As an alternative to the mechanical clutch system described above, the invention could alternately employ an electric clutch. Such a clutch, in one embodiment, current being drawn by the motor 70 is monitored. Upon sensing an increase or spike in drawn current, indicating blocked movement by the blade 66, the motor 70 would be shut down or reversed. The system would then periodically operate the motor 70 to determine if the blockage has be removed.
Referring to FIGS. 7 and 8, it will be seen that one of the advantages of this invention is the adaptability of the invention to china toilets which are difficult to maintain tolerances. The china bowl 12 is a fired clay body having low porosity that resembles glass. As shown in FIG. 7, the toilet bowl 12 has a base 80 and a cavity 81 which extends upwardly in the bowl 12. The base 80 is adapted to be mounted on the floor and is retained on the floor by mounting bolts 82. The base 80 carries a fixture 84 which includes a tubular section 86, which is aligned with the bowl opening 16, and an upwardly extending annular rim 88. A seal member 90 made of rubber or the like is mounted on the rim 88 and sealingly abuts a tubular member 92 mounted to the bowl 12 below the side blade 66 and through which the water from the bowl 12 is directed downwardly into a floor mounted pipe 94 that extends into the holding tank (not shown). In the toilet shown in FIG. 7, the distance between the bowl opening 16 and the fixture 84 is minimal.

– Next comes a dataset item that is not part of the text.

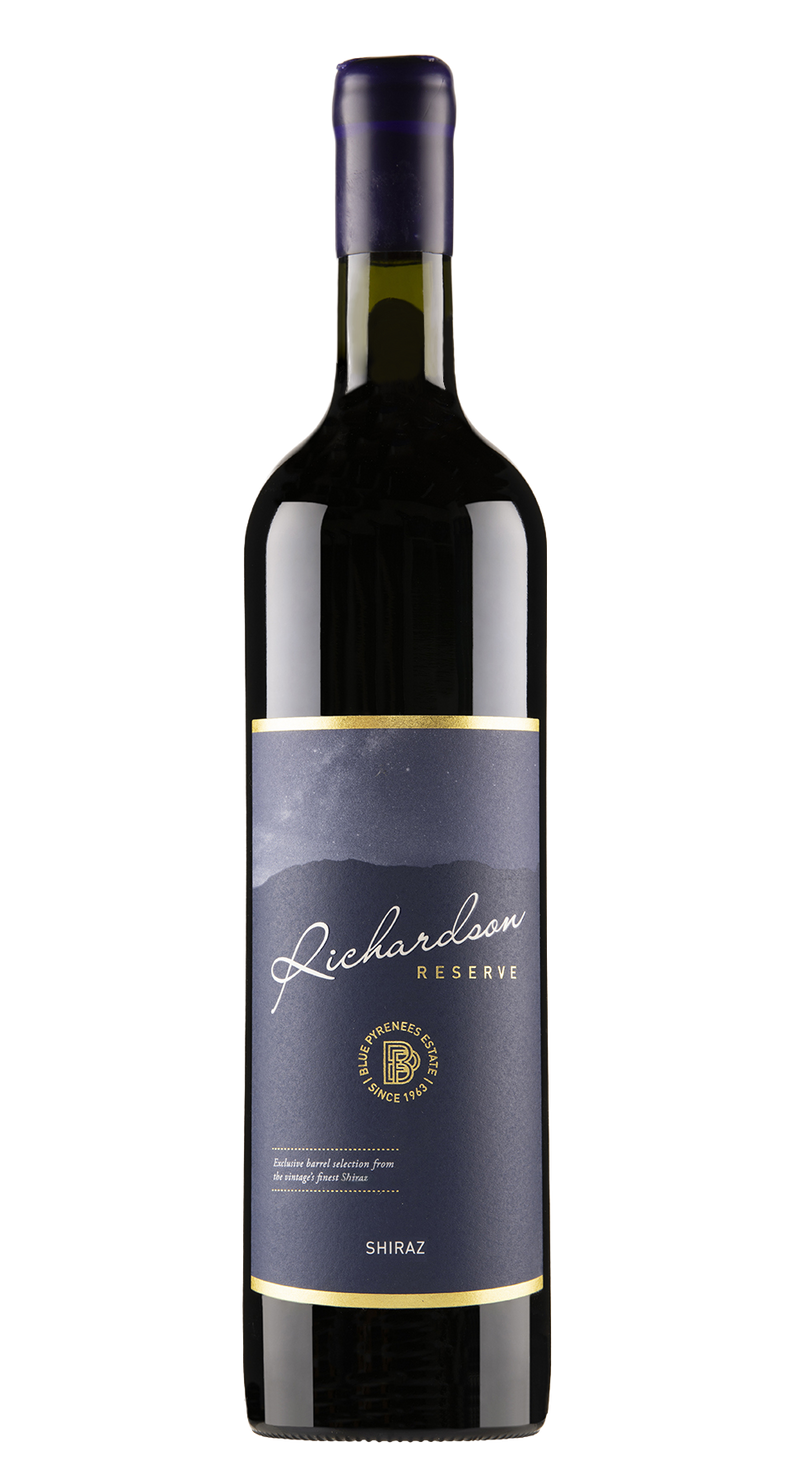 2019 Richardson Reserve Shiraz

In FIG. 8, a toilet is shown in which the distance between the slide blade 66 and the base 84 is at a maximum. This maximum distance is achieved by a cavity 96, which is much longer than the cavity 81 in the bowl 12 shown in FIG. 7, and the bowl 12 is of a maximum height. In this cavity 96, a slip tube 98 is provided to accommodate the increased height of the cavity 96. The upper end of the slip tube 98 is provided with a seal 100 that is identical to the seal 90 in FIG. 7 and which telescopingly receives tubular section 92. The lower end of slip tube 98 is dimensioned to be the same as tubular section 92 and is telescopingly received in tubular section 86, sealingly engaged by seal 90. As such, the slip tube 98 allows the exact same parts to be used with a low height toilet 10 as with a “taller” height toilet 10 while providing a leak proof path for water from the bowl 12 to the floor mounted pipe 94. Like parts in FIGS. 7 and 8 are identified by similar numerals.
The use of the seals 90 and 100 in the toilets shown in FIGS. 7 and 8 enable the manufacture of leak proof passages in the bowls 12 even though the bowls are not of a consistent size because of the inherent characteristics of china clay.
In the use of the toilet 10, to institute full flush activation, the user depresses the button 54 on the pad 52 which is connected by wiring 59 to the circuit board assembly 58 which includes a microprocessor which signals to the dual solenoid water valve 60 which operates to alternately open and close the nozzles 30 and 32 and that sequence continues until the control board 58 times out. During the providing of water from the nozzles 30 and 32, the circuit board assembly 58 also activates the motor 70 to cause the slide blade 66 to open, removing all contents from the bowl 12. After a set amount of time, the circuit board assembly 58 also causes the motor 70 to close the slide blade 66. In case it is desired to clean the flush system, the button 56 can be repeatedly depressed to flush the system to the satisfaction of the user.
To add water to the bowl either before or following the full flushing of the toilet 10, a second button 56 can be depressed thereby signaling the circuit board assembly 58 to open both of the nozzles 30 and 32 at the same time so as to add more flush water to the bowl 12 in a very short time.
In light of the above, it is seen that this toilet 10 provides a china bowl 12 that can operate to uniformly wet the inside of the bowl 12 during a flushing operation. A modern electronically controlled flush water system provides for alternate flushing water on the contoured ledges 20 and 22 on the inside of the bowl. Similarly, the clutch drive for the slide valve 66 ensures a long life for the valve 66.